INFORMATION SUPPLIED Start Marker

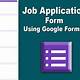 Google Forms Job Application Template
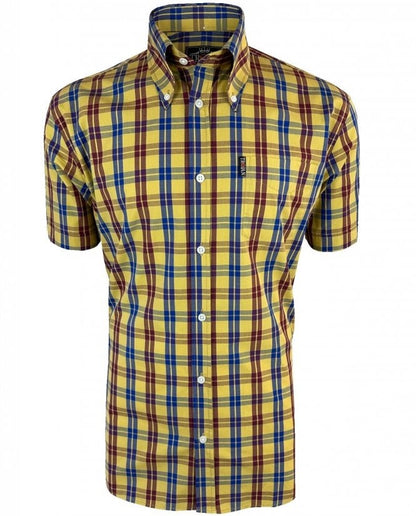 Trojan Records Windowpane Check Shirt With Pocket Square Mustard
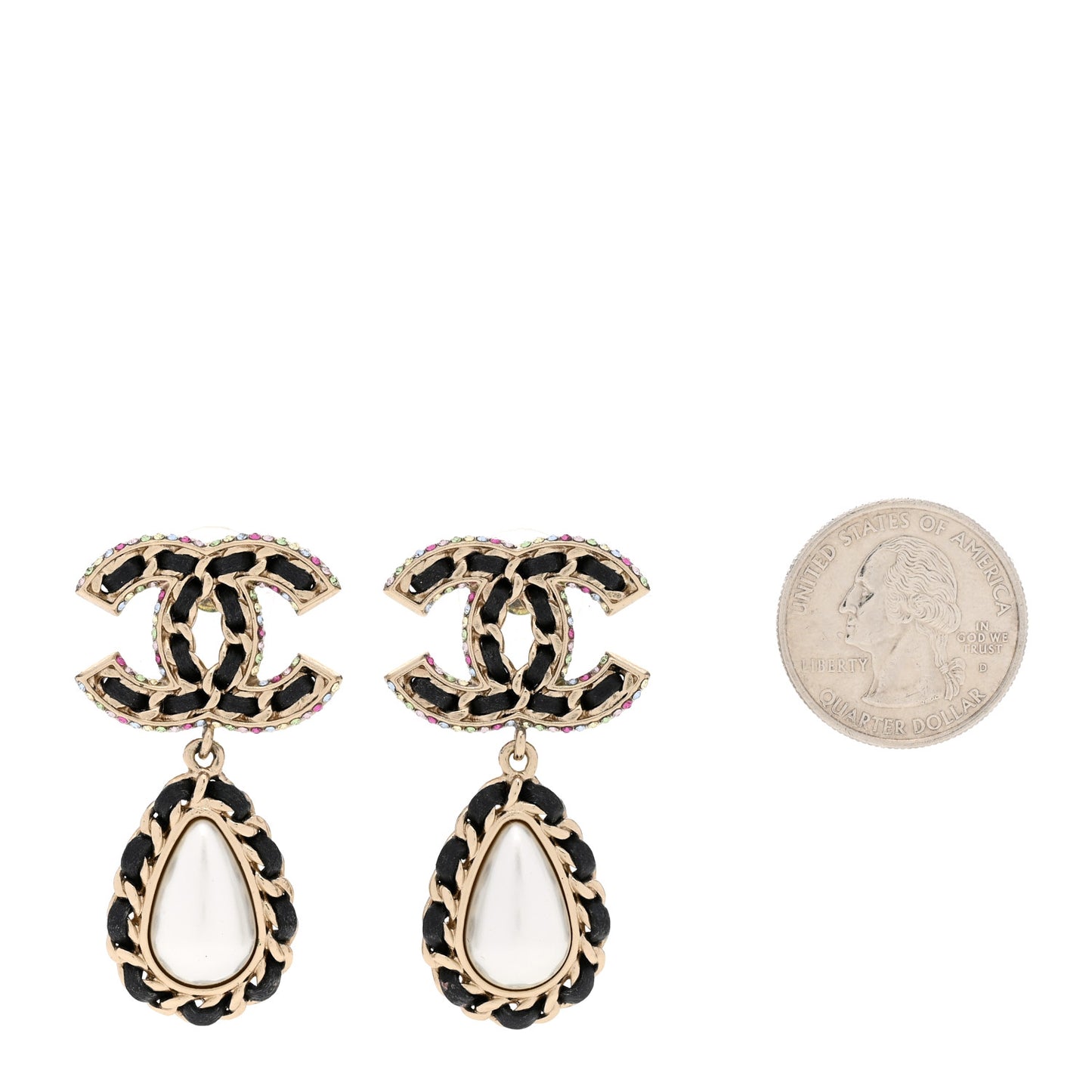 Lambskin Crystal Pearl CC Drop Earrings Gold Pearly White Black Multicolor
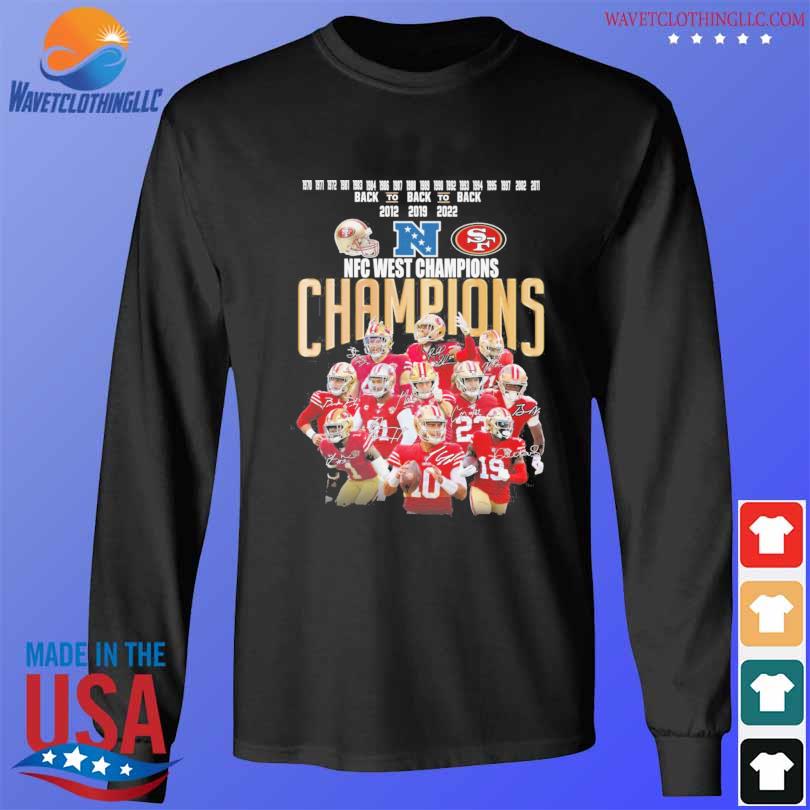 San Francisco 49ers Back To Back 2012 2019 2022 NFC West Champions  Signatures Shirt, hoodie, sweater, long sleeve and tank top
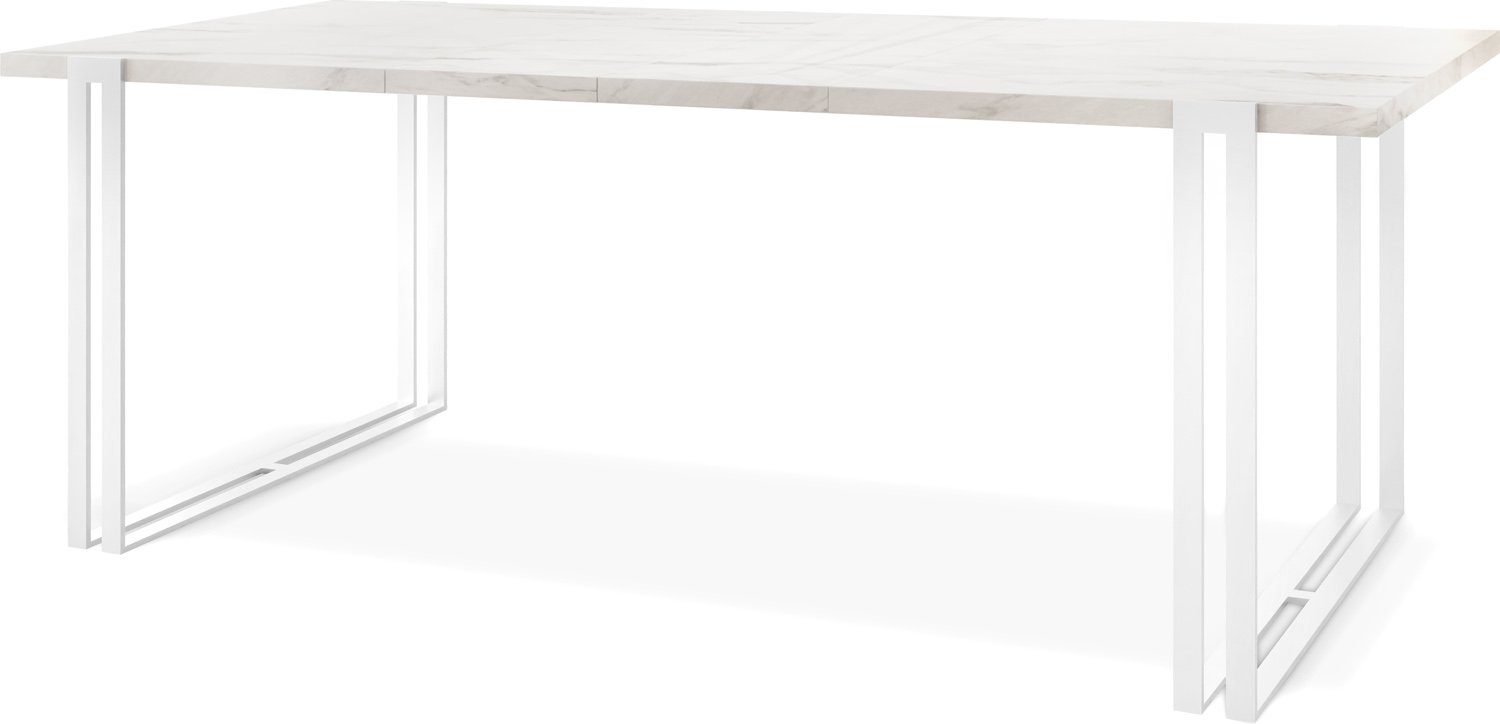 Metallbeinen Glamour Tisch Marmoroptik WFL Loft-Stil Lilo, Ausziehbar Esstisch Weiß im GROUP mit
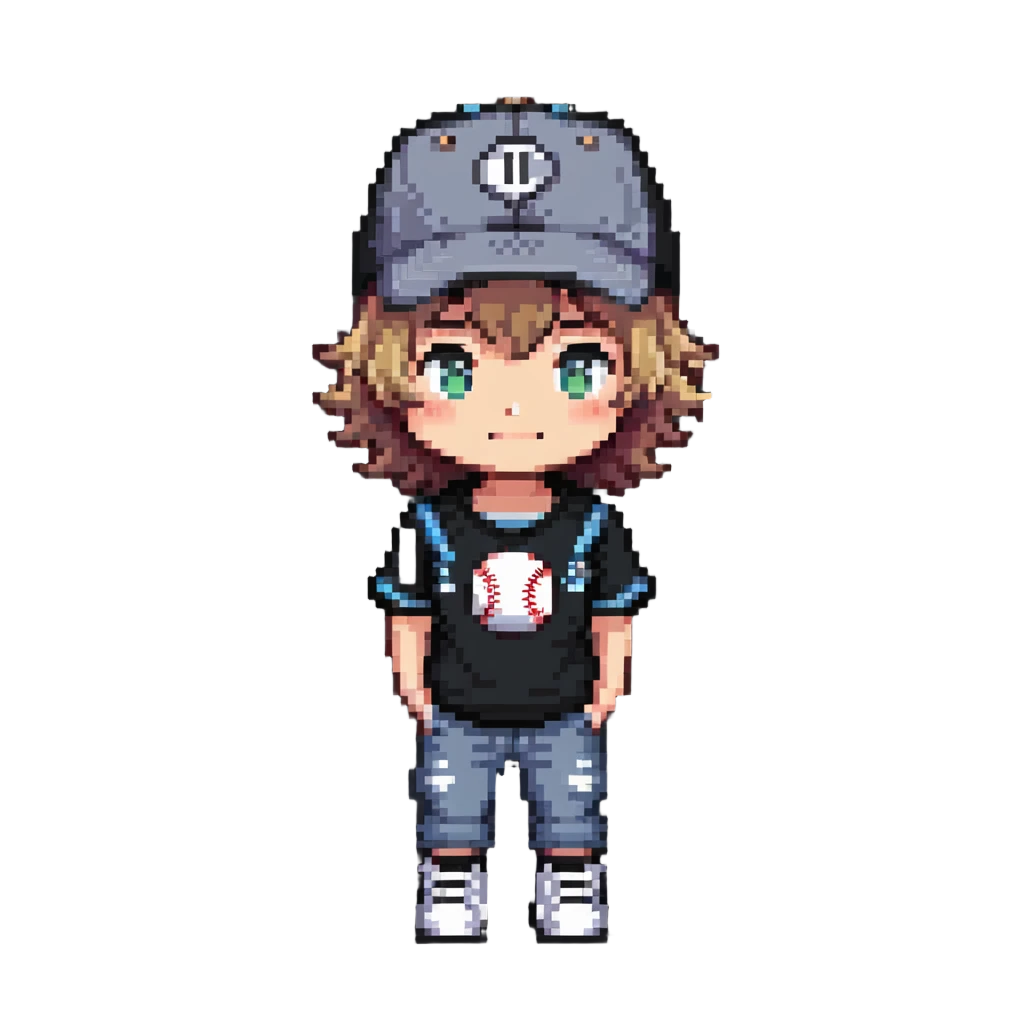 chibi boy with baseball cap and casual outfit emoji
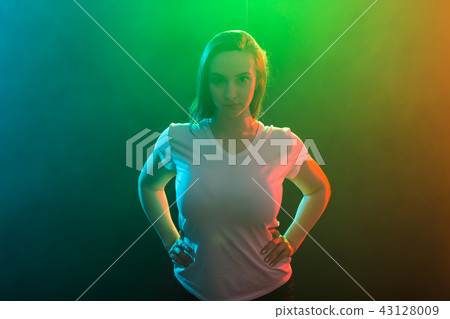 Modern dance, jazz funk and people concept - Close up portrait of dancer woman with hands on waist 43128009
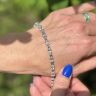 Браслет теннисный 18 см топазы серебро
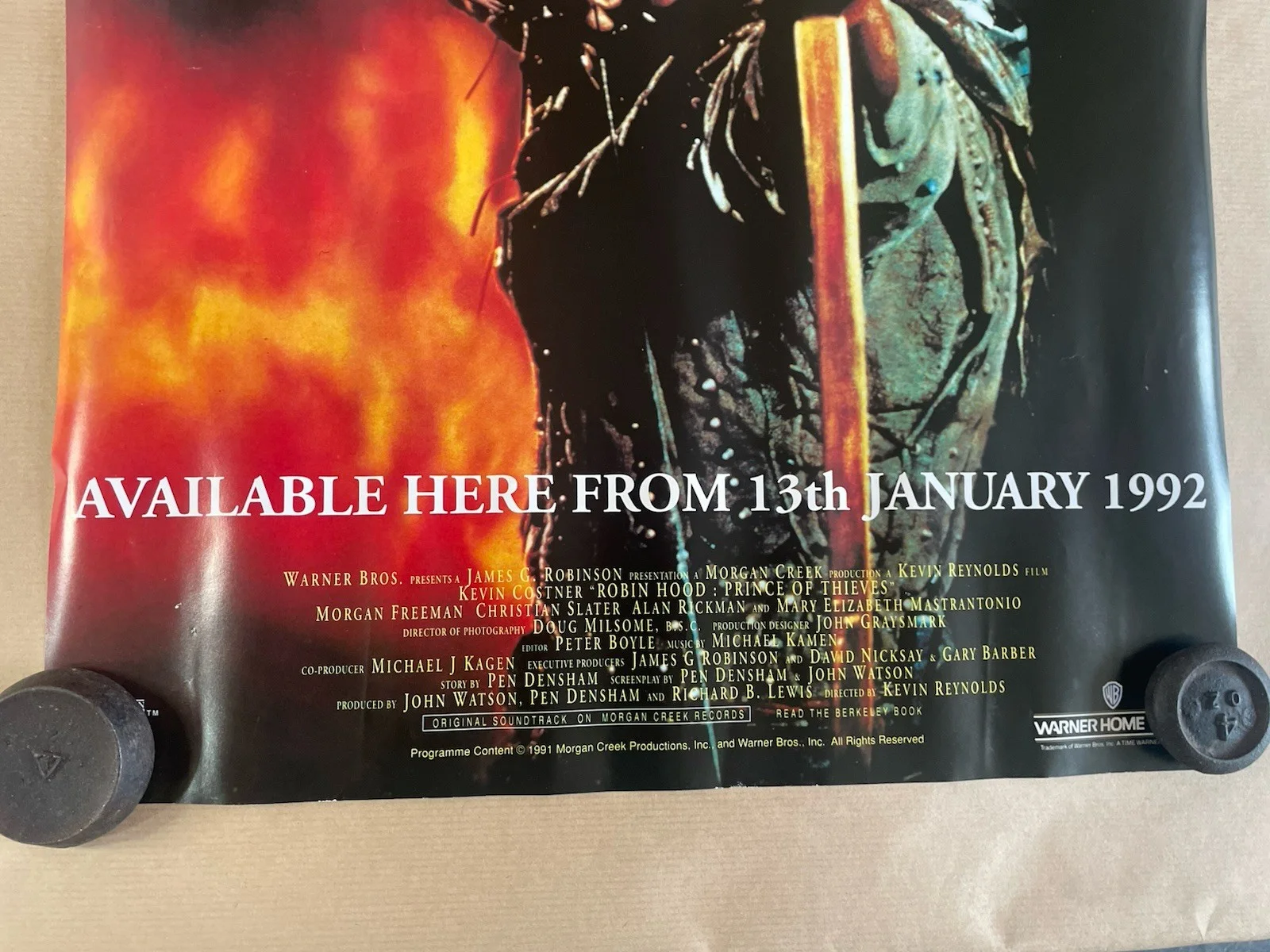 Vintage Robin Hood Prince Of Thieves Movie Advertising Poster. Kevin Costner, изображение 4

INFORMATION SUPPLIED End Marker

» REQUIRED WORK
Your answer should be every line above, written out exactly, with no pictures.

» REPLY TO THE EXERCISE
 Google Forms Job Application Template
 Trojan Records Windowpane Check Shirt With Pocket Square Mustard
 Lambskin Crystal Pearl CC Drop Earrings Gold Pearly White Black Multicolor
 San Francisco 49ers Back To Back 2012 2019 2022 NFC West Champions  Signatures Shirt, hoodie, sweater, long sleeve and tank top
 Metallbeinen Glamour Tisch Marmoroptik WFL Loft-Stil Lilo, Ausziehbar Esstisch Weiß im GROUP mit
 chibi boy with baseball cap and casual outfit emoji
 Modern dance, jazz funk and people concept - Close up portrait of dancer woman with hands on waist 43128009
 Браслет теннисный 18 см топазы серебро
 Vintage Robin Hood Prince Of Thieves Movie Advertising Poster. Kevin Costner, изображение 4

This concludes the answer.